The same day $ome $exy $ongs 4 U dropped, the singer Mereba released The Breeze Grew a Fire, a groovy, mature folk-R&B statement. I think of that day as a real point of divergence: $$$4U won on the charts that week, but Mereba won the R&B holy war. In The Breeze Grew a Fire, you can hear paths forward for the genre; it has a radiant yet muted soul sound, animated by faint flourishes and quiet gestures. Interestingly, Mereba is also a rapper, who has taken issue with R&B as a classification for what she does.

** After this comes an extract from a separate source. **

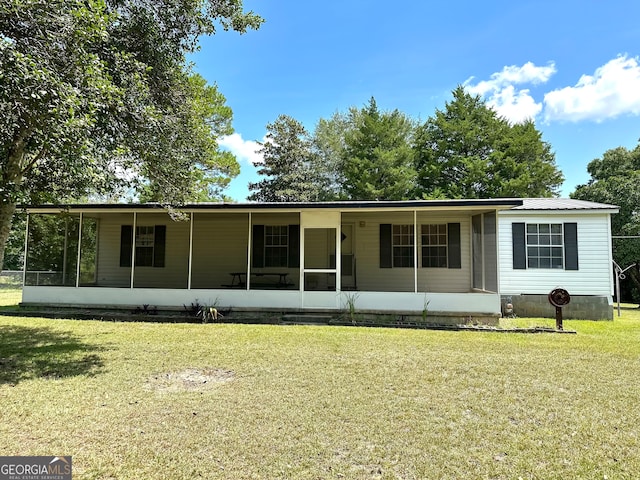 view of front of home featuring a sunroom and a front lawn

She has spoken about folk music as the spur in her sound, feeling like there was no place for her in that scene, and seeing R&B as a stockade to which nonbelievers tried to shuttle her off, a box that was less "conscious, political, and rebellious." "I had to put my foot down because I knew we were moving towards a more genre-less place," she said in February. "I didn't want to chase what was already being done." Amber Mark echoed those sentiments last month, eager to remind people that it's not just R&B. Maybe part of the problem with the genre is that those with the power to change it are the most hesitant to claim it. But the music at hand seems to demonstrate that even its most reluctant practitioners inherently understand what Yaya Bey recently made clear in an interview with Brooklyn Magazine: "Soul music is at the core. You can never disregard R&B."

That truth, to me, is crucial to conversations about R&B's survival. The ways in which it is limited, or limiting, can never compare to the reach it already has, how central it remains, what can still be built around it. The music is foundational, and thus deathless — which means our task in the present is less to preserve what it has been, and more to embrace what it can become. In the range of albums released in 2025, I hear not just vitality but progression: music more about the future than the past, which feels as if it could, collectively, bring the genre into its next phase, an emergence from the cover of darkness into the light. With the warmth of a rising sun comes a new day.